─── RECORDED INFORMATION

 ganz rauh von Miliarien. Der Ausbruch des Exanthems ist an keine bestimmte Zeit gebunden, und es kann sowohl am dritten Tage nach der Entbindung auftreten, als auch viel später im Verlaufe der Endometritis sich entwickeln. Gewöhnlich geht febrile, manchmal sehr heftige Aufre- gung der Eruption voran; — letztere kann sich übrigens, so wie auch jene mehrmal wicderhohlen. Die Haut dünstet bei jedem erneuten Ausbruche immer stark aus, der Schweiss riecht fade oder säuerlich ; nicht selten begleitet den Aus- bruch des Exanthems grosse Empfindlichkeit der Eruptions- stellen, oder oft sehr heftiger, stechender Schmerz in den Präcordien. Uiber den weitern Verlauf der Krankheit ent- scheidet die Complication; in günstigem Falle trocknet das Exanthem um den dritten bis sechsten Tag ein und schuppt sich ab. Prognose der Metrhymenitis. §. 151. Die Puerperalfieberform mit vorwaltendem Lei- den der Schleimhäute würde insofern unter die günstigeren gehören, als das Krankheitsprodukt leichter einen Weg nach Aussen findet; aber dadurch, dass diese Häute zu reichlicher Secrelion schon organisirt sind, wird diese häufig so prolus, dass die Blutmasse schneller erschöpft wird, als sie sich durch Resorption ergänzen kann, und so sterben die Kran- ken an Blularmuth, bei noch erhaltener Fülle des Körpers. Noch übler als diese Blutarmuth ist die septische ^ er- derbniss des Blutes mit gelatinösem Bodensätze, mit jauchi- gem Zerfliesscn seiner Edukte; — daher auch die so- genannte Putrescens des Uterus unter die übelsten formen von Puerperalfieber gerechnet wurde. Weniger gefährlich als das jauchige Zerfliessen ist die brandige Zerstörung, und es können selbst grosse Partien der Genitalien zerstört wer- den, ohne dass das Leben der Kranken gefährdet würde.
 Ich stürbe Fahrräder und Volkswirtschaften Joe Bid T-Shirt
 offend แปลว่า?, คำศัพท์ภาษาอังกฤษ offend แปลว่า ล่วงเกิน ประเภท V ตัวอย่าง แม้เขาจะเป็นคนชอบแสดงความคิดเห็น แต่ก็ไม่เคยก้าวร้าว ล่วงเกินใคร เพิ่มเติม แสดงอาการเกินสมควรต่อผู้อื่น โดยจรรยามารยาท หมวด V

──────

INSTRUCTIONS TO FOLLOW:
Would you copy the whole listing exactly?

TASK OUTPUT:
 ganz rauh von Miliarien. Der Ausbruch des Exanthems ist an keine bestimmte Zeit gebunden, und es kann sowohl am dritten Tage nach der Entbindung auftreten, als auch viel später im Verlaufe der Endometritis sich entwickeln. Gewöhnlich geht febrile, manchmal sehr heftige Aufre- gung der Eruption voran; — letztere kann sich übrigens, so wie auch jene mehrmal wicderhohlen. Die Haut dünstet bei jedem erneuten Ausbruche immer stark aus, der Schweiss riecht fade oder säuerlich ; nicht selten begleitet den Aus- bruch des Exanthems grosse Empfindlichkeit der Eruptions- stellen, oder oft sehr heftiger, stechender Schmerz in den Präcordien. Uiber den weitern Verlauf der Krankheit ent- scheidet die Complication; in günstigem Falle trocknet das Exanthem um den dritten bis sechsten Tag ein und schuppt sich ab. Prognose der Metrhymenitis. §. 151. Die Puerperalfieberform mit vorwaltendem Lei- den der Schleimhäute würde insofern unter die günstigeren gehören, als das Krankheitsprodukt leichter einen Weg nach Aussen findet; aber dadurch, dass diese Häute zu reichlicher Secrelion schon organisirt sind, wird diese häufig so prolus, dass die Blutmasse schneller erschöpft wird, als sie sich durch Resorption ergänzen kann, und so sterben die Kran- ken an Blularmuth, bei noch erhaltener Fülle des Körpers. Noch übler als diese Blutarmuth ist die septische ^ er- derbniss des Blutes mit gelatinösem Bodensätze, mit jauchi- gem Zerfliesscn seiner Edukte; — daher auch die so- genannte Putrescens des Uterus unter die übelsten formen von Puerperalfieber gerechnet wurde. Weniger gefährlich als das jauchige Zerfliessen ist die brandige Zerstörung, und es können selbst grosse Partien der Genitalien zerstört wer- den, ohne dass das Leben der Kranken gefährdet würde.
 Ich stürbe Fahrräder und Volkswirtschaften Joe Bid T-Shirt
 offend แปลว่า?, คำศัพท์ภาษาอังกฤษ offend แปลว่า ล่วงเกิน ประเภท V ตัวอย่าง แม้เขาจะเป็นคนชอบแสดงความคิดเห็น แต่ก็ไม่เคยก้าวร้าว ล่วงเกินใคร เพิ่มเติม แสดงอาการเกินสมควรต่อผู้อื่น โดยจรรยามารยาท หมวด V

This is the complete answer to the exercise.